Exercise aim: Among the entries that follow, count the lines that contain the word "executar" and say how many there are, writing nothing else.

=== Records provided ===

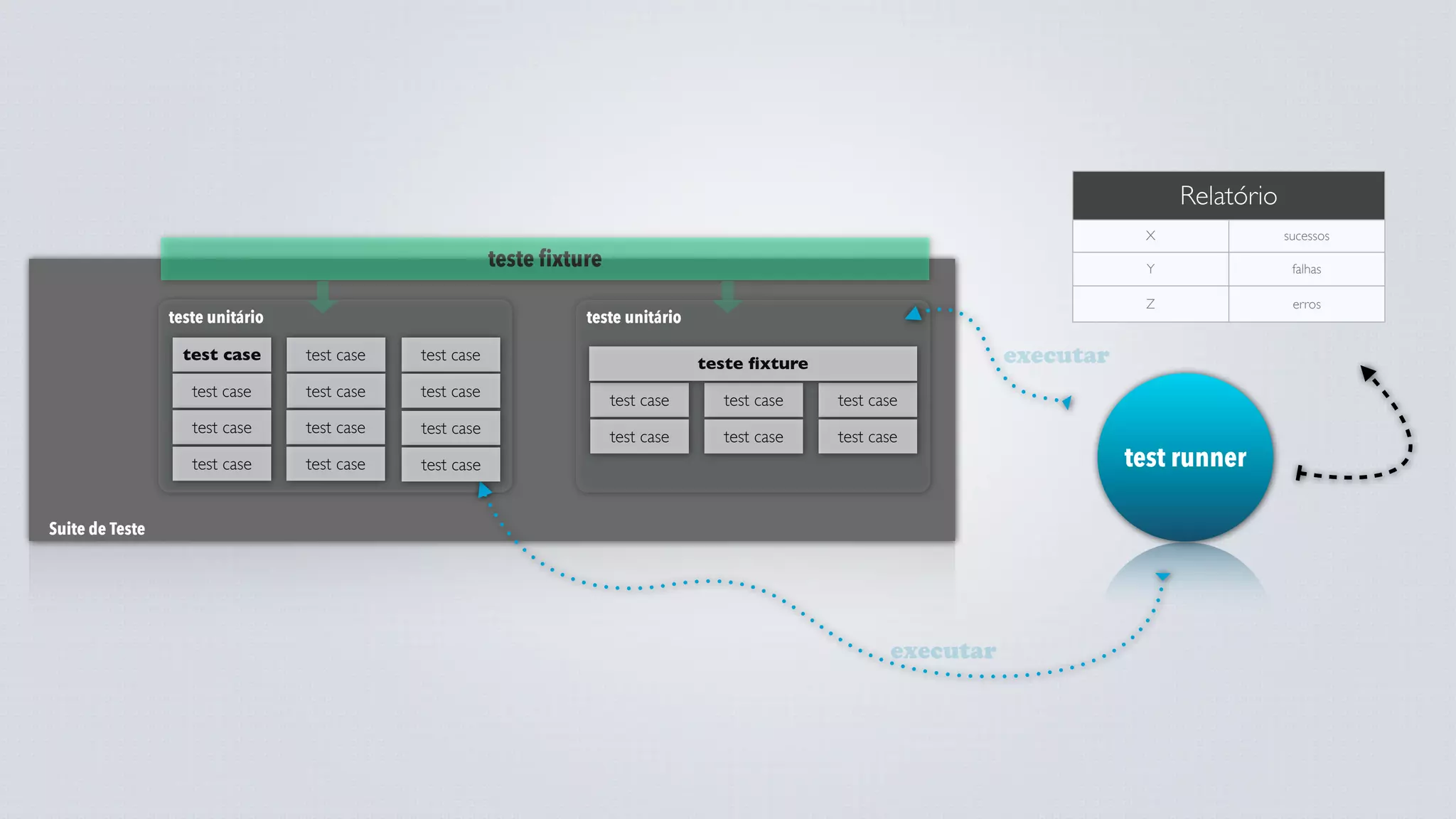 Relatório
                                                                                                                                   X                sucessos
                                                          teste fixture                                                             Y                falhas

                                                                                                                                   Z                 erros
                 teste unitário                                      teste unitário

                   test case      test case   test case                                                                executar
                                                                                      teste ﬁxture
                    test case     test case   test case
                                                                          test case     test case    test case
                    test case     test case   test case                   test case     test case    test case
                    test case     test case   test case                                                                           test runner

Suite de Teste




                                                                                                            executar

===

Written solution: 2